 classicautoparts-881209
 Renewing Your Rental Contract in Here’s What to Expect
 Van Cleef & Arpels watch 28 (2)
* * *
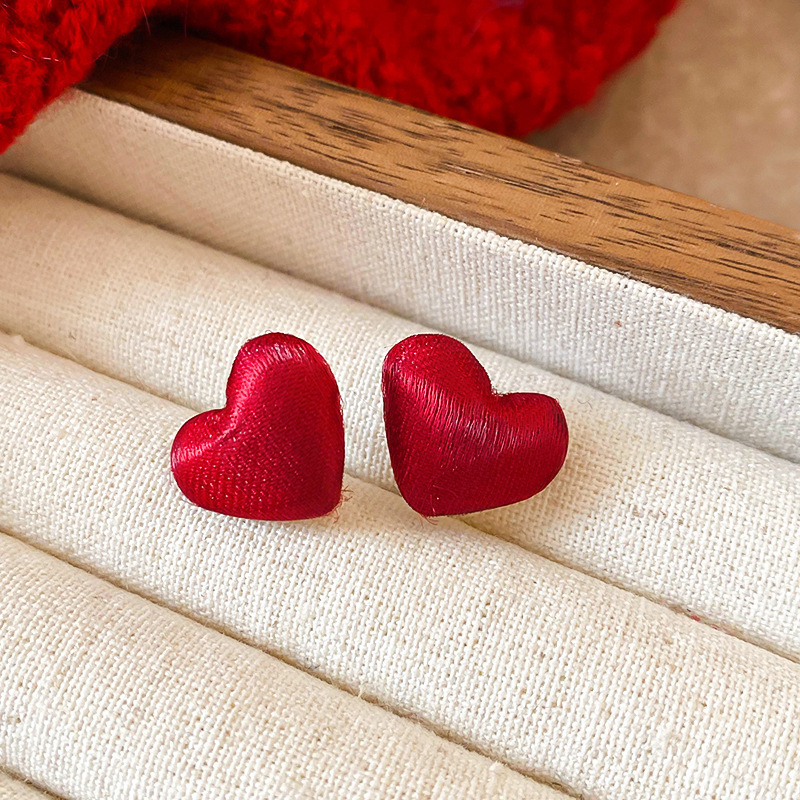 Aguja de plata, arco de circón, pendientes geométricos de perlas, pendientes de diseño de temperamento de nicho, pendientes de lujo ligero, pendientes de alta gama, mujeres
* * *
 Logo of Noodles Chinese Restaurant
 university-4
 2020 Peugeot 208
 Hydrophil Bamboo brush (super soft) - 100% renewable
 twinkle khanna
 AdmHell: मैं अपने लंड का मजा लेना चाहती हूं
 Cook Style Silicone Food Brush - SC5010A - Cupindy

* EXERCISE GOAL: A word-for-word copy of the lines above from the one with "classicautoparts-881209" through the one with "Van Cleef & Arpels watch 28 (2)", inclusive, is the only output wanted.

* YOUR SOLUTION:
 classicautoparts-881209
 Renewing Your Rental Contract in Here’s What to Expect
 Van Cleef & Arpels watch 28 (2)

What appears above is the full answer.